The other big challenge is to look at the composition of Recording Scheme organisation. If record flow increases, we must generate a bigger circle of people involved in the various aspects of data management. Data management is the big drudge job in its various forms, including active data farming (from Facebook), data gathering (from independent recorders) and data verification; plus, of course actually managing the database and importing data.

There are three areas where there has, however, been real progress. Firstly, we have seen that Facebook groups are great media for mentoring basic ID skills. I have been greatly impressed with the progress of several people on the UK Hoverflies Facebook page – their participation certainly eases the pressure on the ‘resident experts’ (Ian Andrews, Joan Childs, Geoff Wilkinson and me).

Even more importantly, we have seen a substantial shift towards group members maintaining their own spreadsheets. This is a significant shift because it means that there is a growing group of recorders in whom we have confidence and who have the confidence to make their own records. It has vastly eased the burden on me – had this shift not happened I would have had to pack up for my own sanity’s sake!

Finally, there is no shortage of data analysts. Various University groups regularly make use of HRS and other opportunistic data and there are also independent analysts and PhD students to whom we have supplied data. But, for me, there is a fly in the ointment. When we took on the Recording Scheme it was my hope that we (i.e.
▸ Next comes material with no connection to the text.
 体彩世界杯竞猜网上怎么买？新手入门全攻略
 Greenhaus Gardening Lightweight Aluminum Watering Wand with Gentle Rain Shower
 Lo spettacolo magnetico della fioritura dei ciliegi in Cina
Stuart and I) would do a lot of the analytical work and actually publish some ground-breaking work. Today, the workload is such that the best we can do is to assemble data and pass it on to someone else to do the real science. I’m not sure that is what I signed up for and I certainly have not signed up to servicing the biological record production industry!

So, some thought needs to go into making sure that the question is asked ‘what makes a Recording Scheme organiser tick and how do we make running a scheme attractive?’